ネイト:もちろん、楽しんでるよ! 実は、スシが大好きなんだ。イギリスでも食べられるんだけど、やっぱり違うね。ホンモノのスシは、日本に限る(笑)。ラーメンも食べたよ。それに焼き肉もね。焼き肉って自分で肉を焼くだろ。それが楽しかったんだ。ちょうど桜も満開だし、日本に来てからは、ありとあらゆるものが楽しいんだよ。

──昨日のライヴ(4月3日の渋谷DUO MUSIC EXCHANGE公演)も、とても素晴らしかったですね。ネイト自身も楽しんでいる様子が伝わってきましたよ。

ネイト:実は、あんなに盛り上がるとは思ってなかったんだ。だって、僕はまだ新人だろ? だけど、お客さんはすごく盛り上がってくれた。おかげでバンドも僕も楽しむことができた。いいショウになったと思っているよ。

──日本ではノン・プロモーションだったにもかかわらず、『セット・ザ・トーン』の輸入盤が、まず話題になったんですよね。レコード会社があれこれお膳立てした結果、ヒットしたというよりも、そういう人気の火の付き方のほうがネイト自身もうれしいんじゃないですか?

ネイト:実はイギリスでもシングルを何人かのラジオのDJに送っただけで、大々的にプロモーションしたわけじゃないんだ。確かに、そういう売れ方のほうが本当の意味でのファンが見つかると思うんだ。僕も一音楽ファンとして、いいと思えるアーティストやレコードを、常に探しているけど、そういう作品に出会うと、口コミじゃないけど、友達と音楽の話をしたりしているとき、話題に出すよね。そういう広がり方は僕にとってベストだよ。そういう方がホンモノっぽいよね。

──ところで、音楽があふれている家庭に育ち、6歳の頃にはすでにプロのシンガーを目指していたそうですね。音楽や歌うことの、どんなところがネイトを、そんなに魅了したんでしょうか?

ネイト:幼い頃から『TOP OF THE POPS』(イギリスの人気音楽番組)といった音楽番組で歌っている人達を見て、“いいなぁ”と思っていたんだ。

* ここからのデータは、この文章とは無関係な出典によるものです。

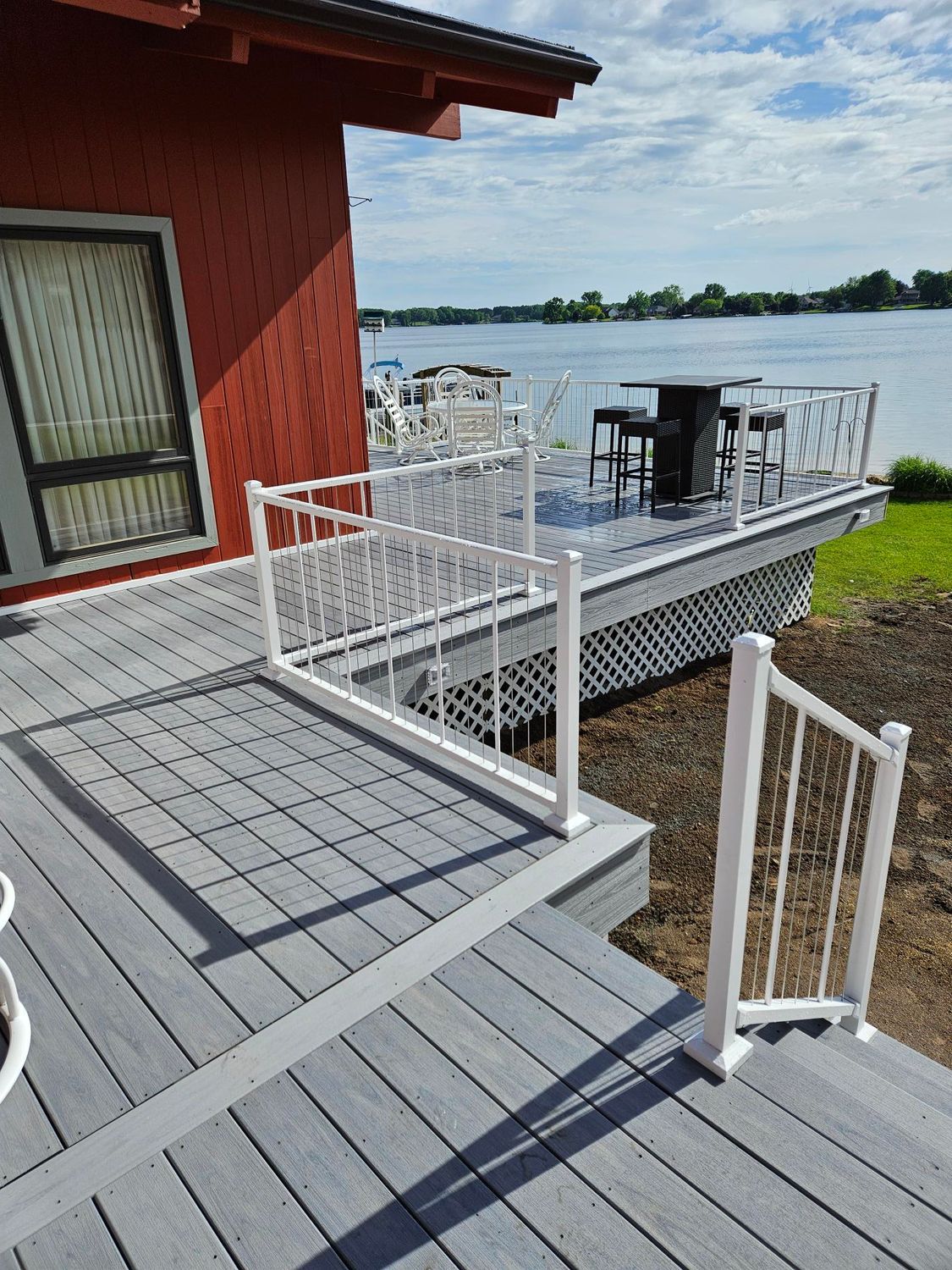Outdoor deck with white railings beside a red house, overlooking water with a table and chairs.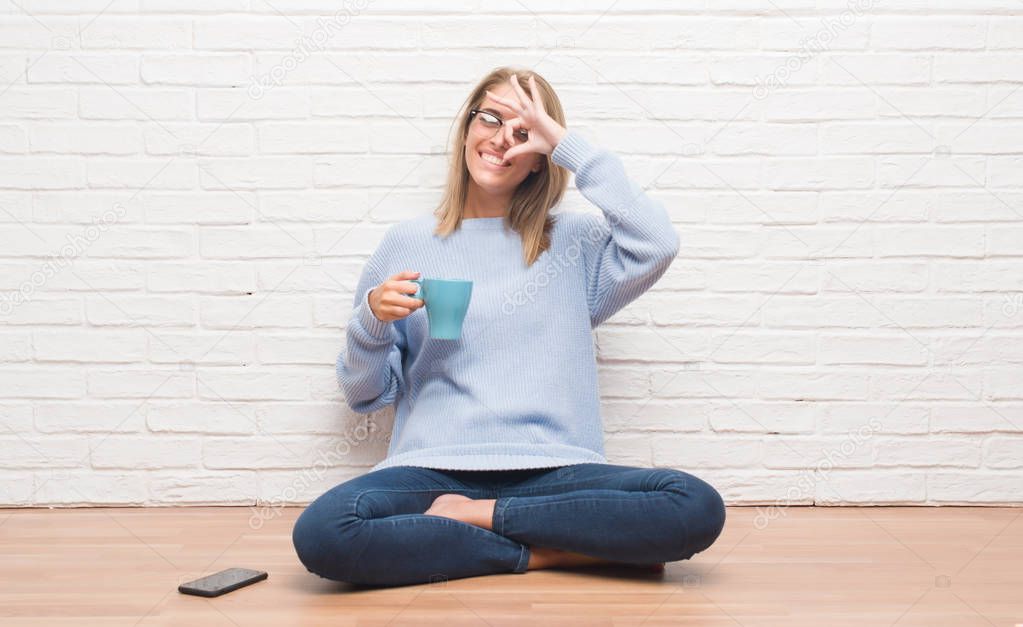 Beautiful young woman sitting on the floor driking cup of coffee at home with happy face smiling doing ok sign with hand on eye looking through fingers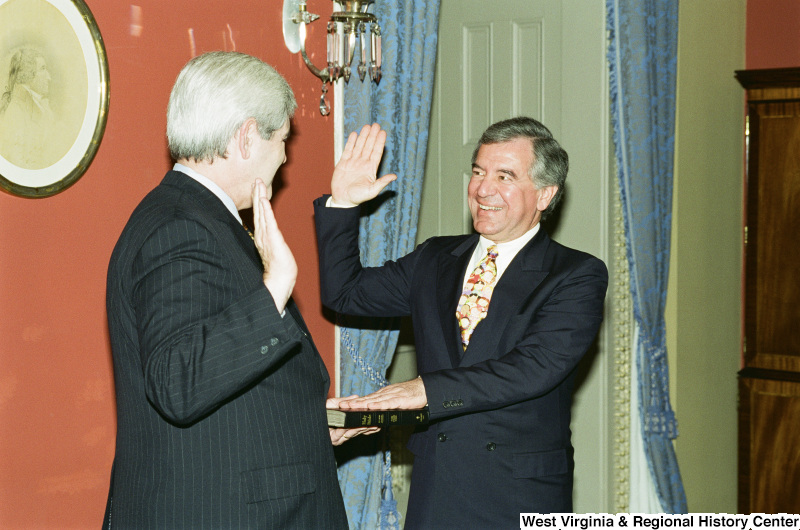 Photograph of Congressman Nick Rahall and Newt Gingrich at a swearing-in ceremony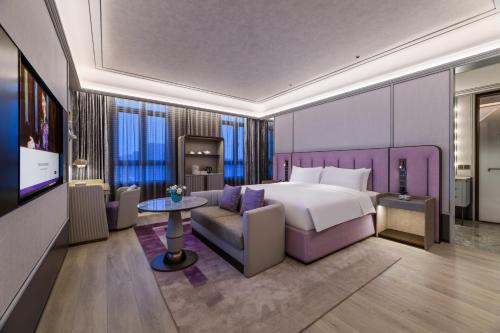 1 dormitorio con cama, sofá y TV en Grand Mercure Hangzhou Zhejiang University en Hangzhou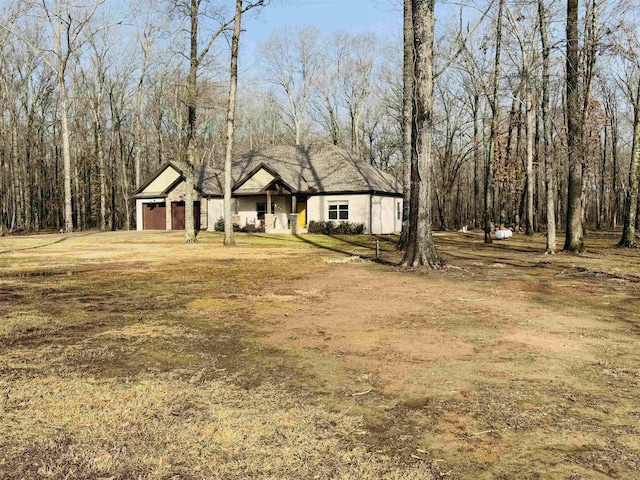 view of front of property with a garage and a front lawn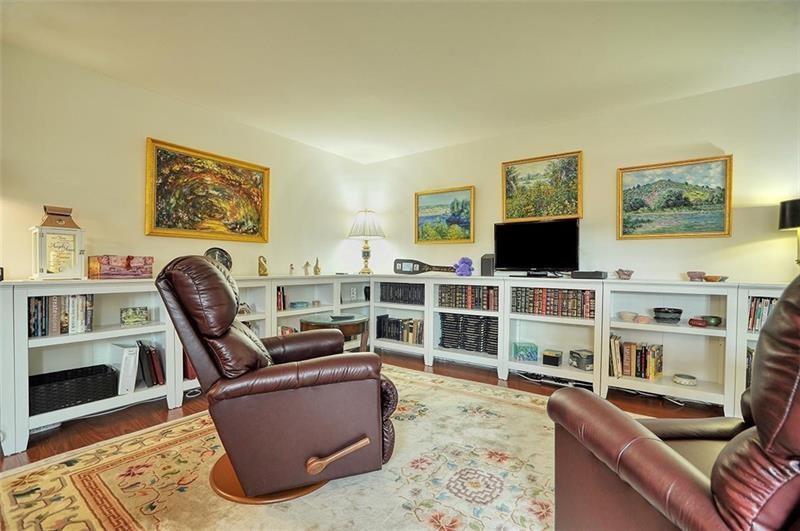 4625 Fifth Avenue, Unit 710 Pittsburgh, PA 15213 - Photo 5 of 12 a living room with furniture a flat screen tv and bookshelf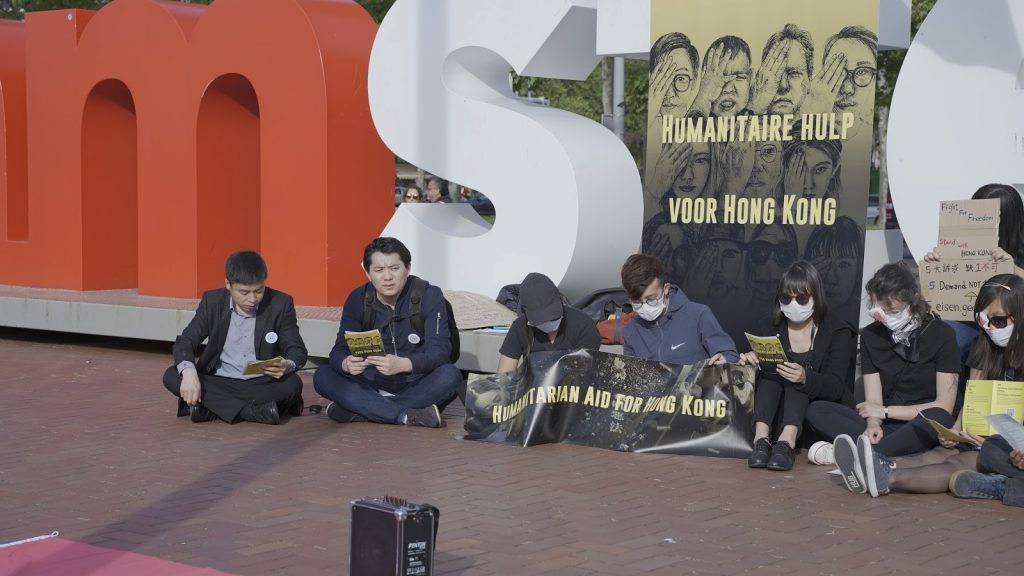 Attendants sitting in the square and singing “Glory to Hong Kong” 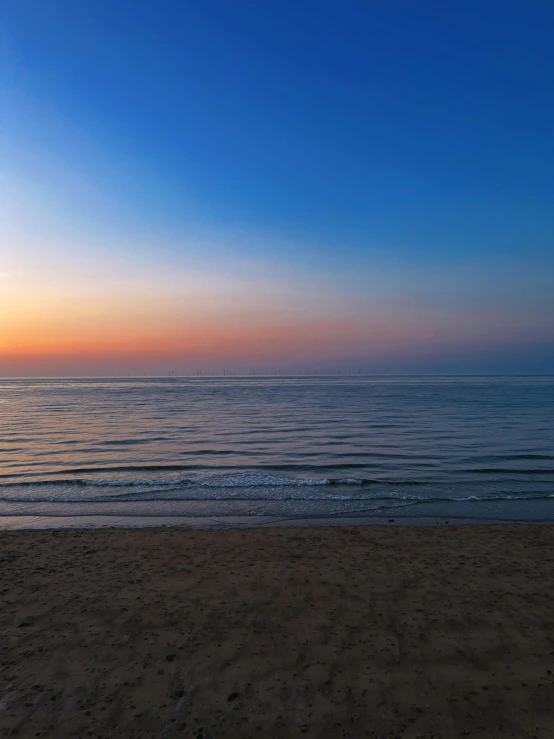 the sun is setting over the water near the beach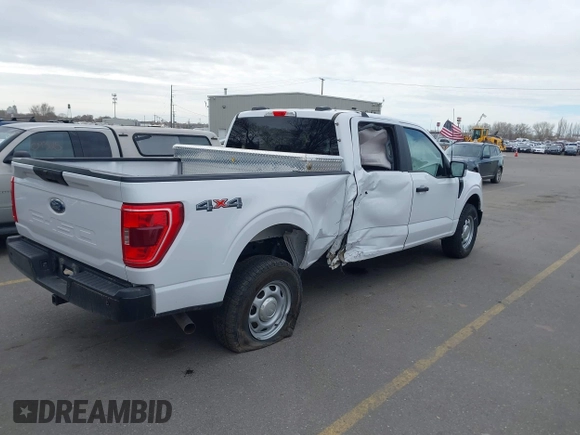 2021 Ford F-150 XL with VIN 1FTFW1E57MKE46739, listed as a IAAI auction lot 41823454 with 60,202 mi miles and . Bid and sale history available at DreamBid. Image 4.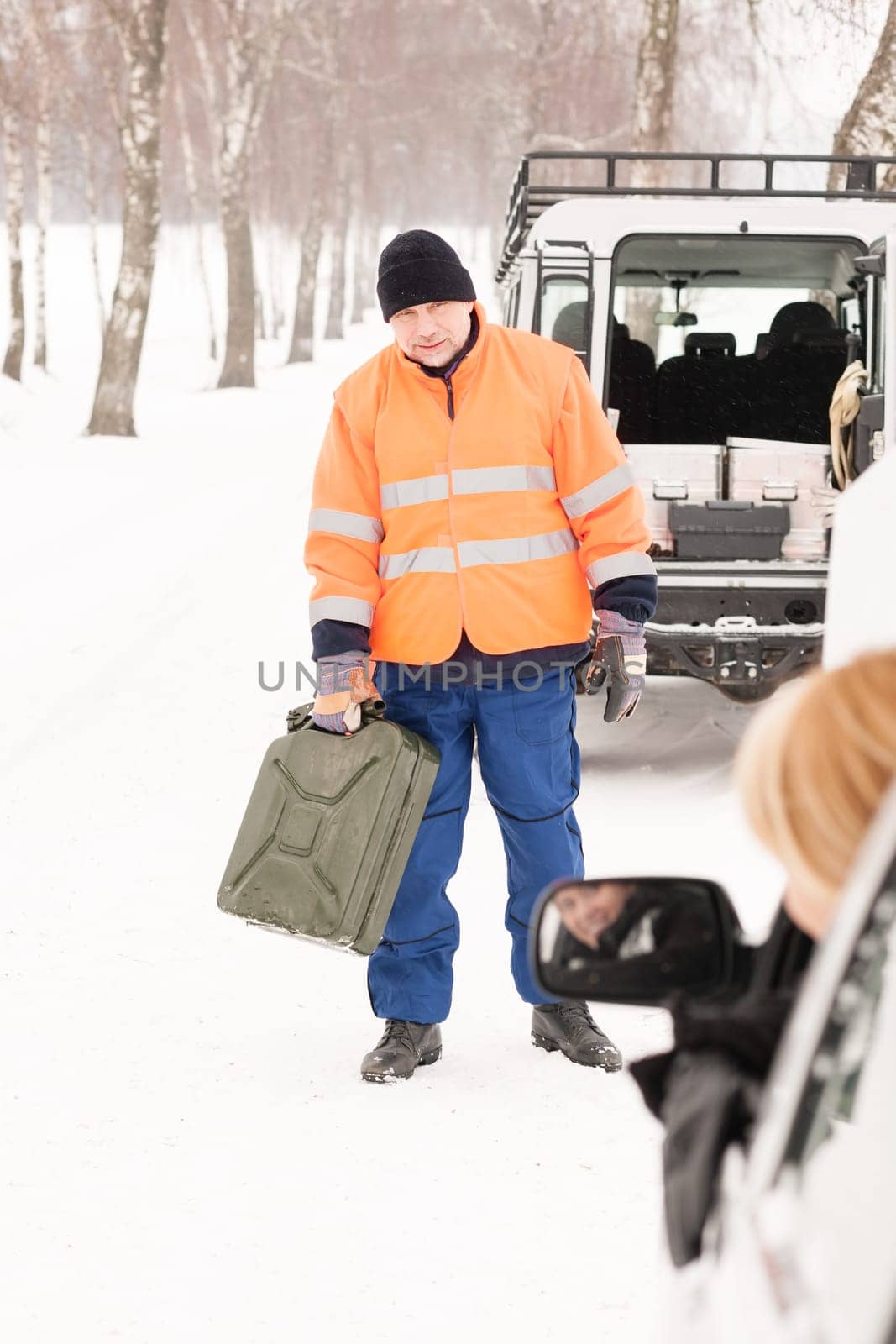 Woman broken car man gas can snow assistance winter mechanic
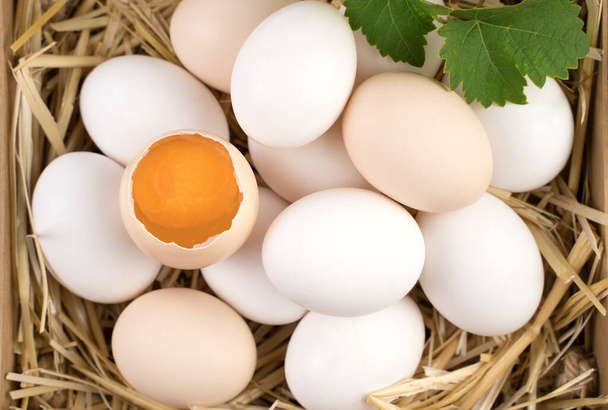 Œufs de poulet blancs et bruns avec un œuf cassé au centre. - Photo, image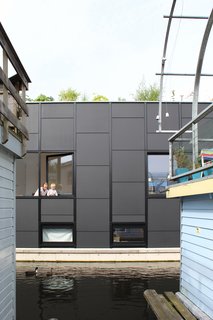 An Architect Creates a Two-Level Houseboat For His Family on a Tight Budget - Photo 3 of 10 - The tatami-inspired grid layout also influenced the exterior cladding with its dark offset panels that subtly reference the color of the water below the home.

だからって、決して注目されたいと思っていたわけではないんだ。何て言うか、歌うことは僕にとって楽しめることだったんだよ。だから、プロとしてデビューした今でもそれほど仕事という感覚はない。本当に楽しんでやっているんだ。幼い頃から、歌うのが楽しくてしかたなかった。つまり、僕にとってはその延長がプロになることだったんだ。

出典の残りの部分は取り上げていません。